I will mention my shoes, because I ran on plenty of hard surfaces during this race and they should have been hurting but weren’t. Two weeks ago I’d fallen for the hype around Inov-8’s £140 Graphene Mudclaws. Graphene for the extraordinary lugs, a Kevlar upper. My friend Chris had got a pair and worn them on the recce and kept saying with wonder, “they’re like slippers”. It’s difficult to imagine a pair of shoes built for serious mud and bog and rocks could feel like slippers. Another friend had got a pair and said she was thinking of wearing them for the Three Peaks because the cleats were so big, they were actually really comfortable on hard surface (of which there is plenty on the Three Peaks route, a race you could probably do in road shoes). I’d only worn mine for the first time the day before on the Vets’ race, and the toe box was narrower than I was used to, and I worried my wide feet would start to suffer. But I decided to wear them, and they were brilliant. I got a sore little toe, but otherwise: superb grip, and comfortable even on hard tracks. Not quite slippers, but not far off.

(I’m never going to wear those gaiters though.)

Also I managed to keep them on my feet. Heptonstall includes an infamous bog, where fell runners have disappeared and not been found for centuries. Not really, but it is deep and it is wide and it is boggy. The official advice had been to sweep round it from the left, but I followed the people in front as they didn’t appear to be sinking and went straight through and it was barely a bog at all. By that I mean, I got wet to my calves but no higher, and I kept my shoes to myself.

The shoes were a conversation starter too because as I went over a stile somewhere or other someone behind said, “are those the Graphene Mudclaws?” and we struck up a conversation and stayed talking more or less for the rest of the route, finishing together. Nice to meet you Nick.
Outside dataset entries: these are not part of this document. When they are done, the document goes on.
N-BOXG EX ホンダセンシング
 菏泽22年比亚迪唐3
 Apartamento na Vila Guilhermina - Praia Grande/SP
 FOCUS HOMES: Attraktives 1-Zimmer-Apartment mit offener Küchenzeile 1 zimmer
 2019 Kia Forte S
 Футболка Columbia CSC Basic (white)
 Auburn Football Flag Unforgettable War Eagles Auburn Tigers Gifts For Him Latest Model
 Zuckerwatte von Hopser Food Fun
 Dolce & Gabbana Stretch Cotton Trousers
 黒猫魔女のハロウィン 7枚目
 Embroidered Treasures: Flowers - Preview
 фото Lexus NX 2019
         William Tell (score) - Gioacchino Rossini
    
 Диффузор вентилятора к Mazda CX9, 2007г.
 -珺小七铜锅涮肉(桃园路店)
I had a couple of weak moments where I looked at how many miles had gone by and how many miles there were to go. At one point Nick tried the “there’s only a park run to go” and I responded as I usually do to this, with, “but I don’t want to do a park run.” I passed a family of walkers, with youngsters, and asked the sister and then the brother whether they were going to be fell runners. The sister said nothing and ran up to her brother for sanctuary. The brother said, “no.”

Right.

Another example of my conversational skills: I am very grateful to marshals who stand out in all weathers, and I too have marshalled in all weathers. I try to convey my compassion by saying, “I hope you’re warm enough.” For the first time, when I reached this man on top of his knoll, the conversation went like this:

Me: I hope you’re warm enough.

Him: No, I’m not.

Me: Oh.

*Runner pauses, desperately thinks what to say to make things better*

Me: There’s not a lot I can do about that. Sorry.

*Runner runs off, perfectly warm.*


The weather: the forecast had been for 10 degrees, not too much wind. But this was the proper tops. At registration, the air was biting, and FRB, as hardy as they come, was questioning his choice of bringing only a vest. I ran in a vest and long-sleeves and I was fine. Afterwards he said he was fine too, but he has more body hair than I do.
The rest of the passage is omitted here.